According to the documentation, by default those classes apply to US-ASCII only

Specifically:

\p{Lower}   A lower-case alphabetic character: [a-z]
\p{Upper}   An upper-case alphabetic character:[A-Z]
\p{Alpha}   An alphabetic character:[\p{Lower}\p{Upper}]
\p{Digit}   A decimal digit: [0-9]
\p{Alnum}   An alphanumeric character:[\p{Alpha}\p{Digit}]
\p{Graph}   A visible character: [\p{Alnum}\p{Punct}]
\p{Print}   A printable character: [\p{Graph}\x20]

putting it all together, \p{print} matches [a-zA-Z0-9\x20] only.

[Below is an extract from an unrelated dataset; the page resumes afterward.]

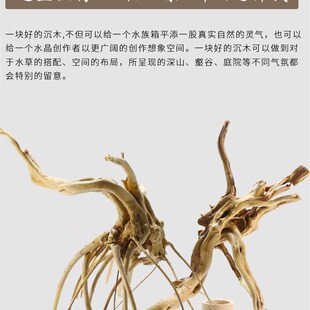 沉木造景木鱼缸装饰天然树根杜鹃根鱼缸水族箱造景小沉木枝条栖根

However, further down the documentation, we can find:

The following Predefined Character classes and POSIX character classes are in conformance with the recommendation of Annex C: Compatibility Properties of Unicode Regular Expression , when UNICODE_CHARACTER_CLASS flag is specified.

\p{Cntrl}   A control character: \p{gc=Cc}

So, make sure to pass Pattern.UNICODE_CHARACTER_CLASS, and to use Pattern.compile("\\p{Cntrl}").matcher(value).replaceAll("")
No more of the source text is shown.